All appeals of claims and requests for adjustments must be received by Texas Children’s Health Plan within 120 days from the date of the last denial of and/or adjustment to the original claim.
A Claim Appeal Form must be sent in with an appeal submitted on paper. To submit an appeal on paper, mail or fax the appeal to the following:
Texas Children’s Health Plan
Attention: Claims Administration Department
P.O. Box 300286
Houston, TX 77230-0286
Fax: 1-844-386-3171 (toll free) or 346-232-4710
Texas Children’s Health Plan will process claim appeals and adjudicate the claim within thirty (30) days from the date of receipt of the claim appeal.

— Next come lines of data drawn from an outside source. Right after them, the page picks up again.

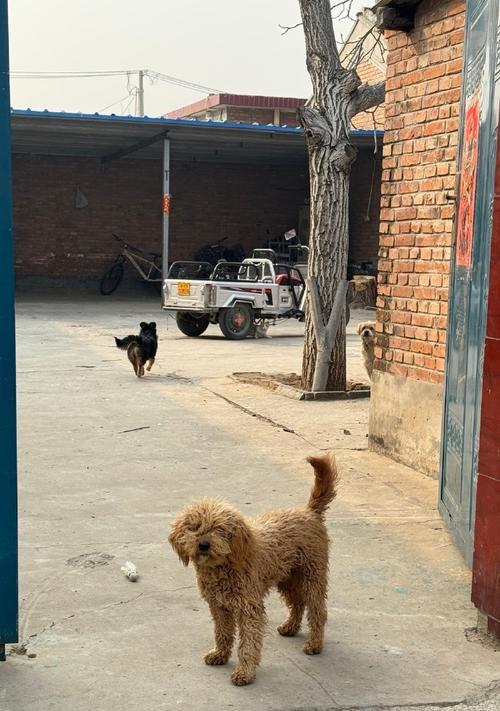 农村普通狗的寿命究竟有多长？（探究农村普通狗寿命的因素及延长方法）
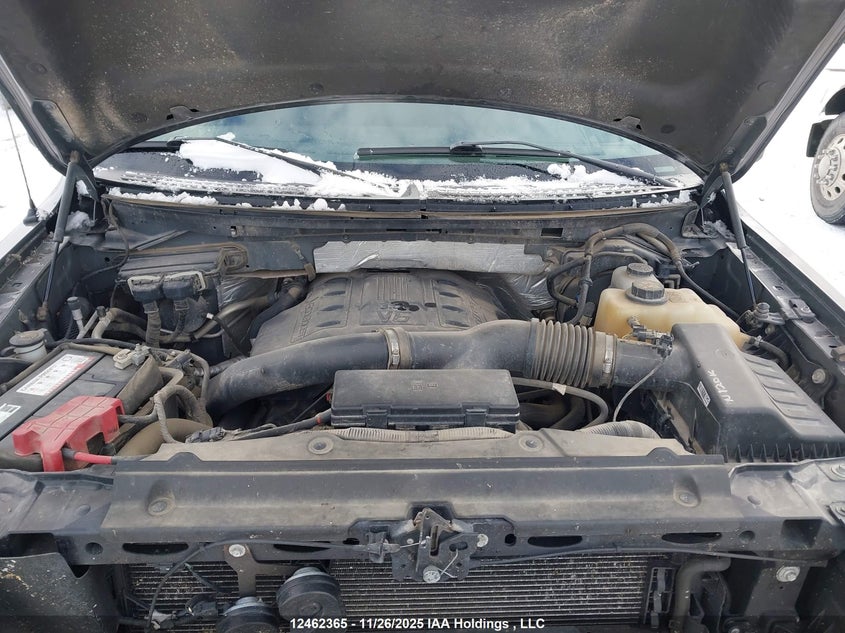 1FTFW1ET3CFB38375 2012 FORD F-150 photo no. 10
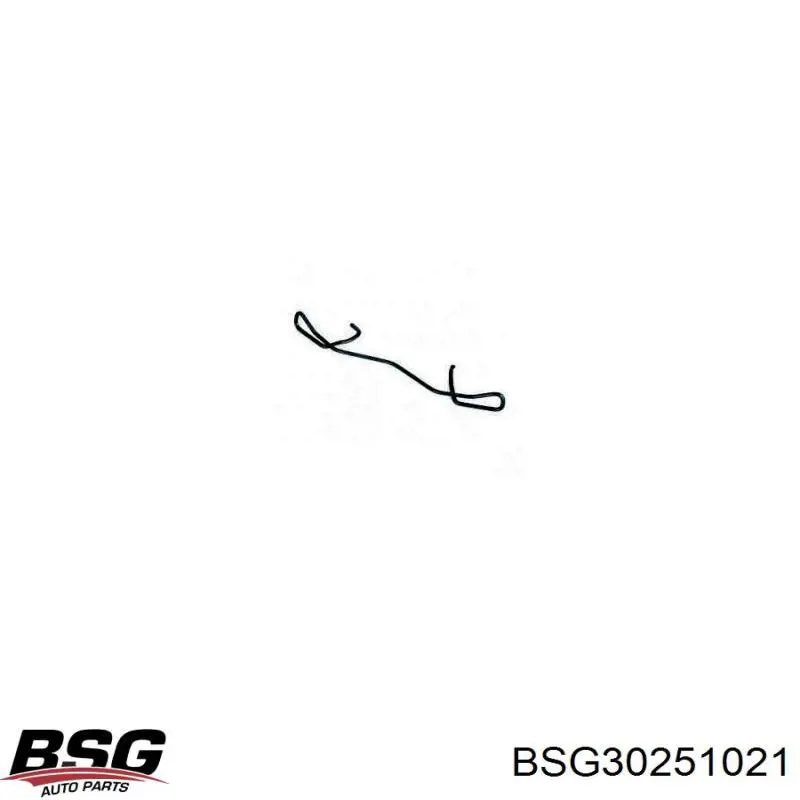 BSG30251021 BSG комплект пружинок кріплення дискових колодок, задніх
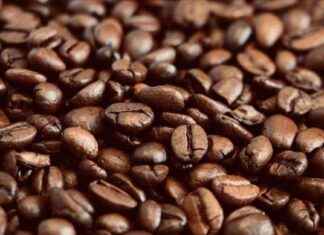 Kahve Fiyatları Tarihi Zirvede: Libre Fiyatı 3,55 Dolara Ulaştı kahve-fiyatlar-tarihi-zirvede-libre-fiyat-355-dolara-ulat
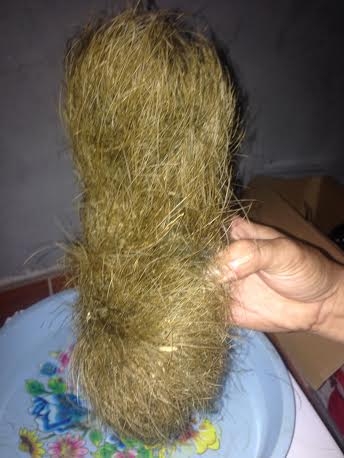 Mổ lợn thấy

As a STAR and CHIP health plan, it is the policy of Texas Children’s Health Plan to adhere to State Medicaid Provider Guidelines as defined in the current edition of the Texas Medicaid Provider Procedures Manual. A complaint includes any dissatisfaction with any aspect of Texas Children’s Health Plan’s operations, including plan administration, the appeal of an adverse determination, the denial, reduction, or termination of a service, the way a service is provided, or disenrollment decisions, may file a complaint or appeal with Texas Children’s Health Plan. The following information will assist providers in filing.
How to Submit a Complaint as a Medicaid Provider
Medical Necessity Appeals/Appeals for a requested service
If Texas Children’s Health Plan denies a provider’s request for a service authorization due to medical necessity, a provider has 60 calendar days to request an appeal. To request an appeal, please send your written request to:
Texas Children’s Health Plan
Attention: UM Appeals Department
PO Box 300709 WLS 8390
Houston, TX 77230
Fax: 832-825-8796
To assist Texas Children’s Health Plan in your request, please state the reason you are requesting your appeal and submit supporting medical documentation. Texas Children’s Health Plan will acknowledge in writing your request within 5 business days, and if necessary, request specific medical information to support your appeal. If you do not provide Texas Children’s Health Plan with the requested medical information within 10 days, Texas Children’s Health Plan will make its decision based on the information provided. Texas Children’s Health Plan will respond to your appeal within 30 calendar days.
All appeals of adverse determination for which medical records are not received within 30 calendar days of the filing date will be finalized and the original decision will be upheld. This decision is final and binding, and the provider will have exhausted his/her appeal rights with Texas Children’s Health Plan.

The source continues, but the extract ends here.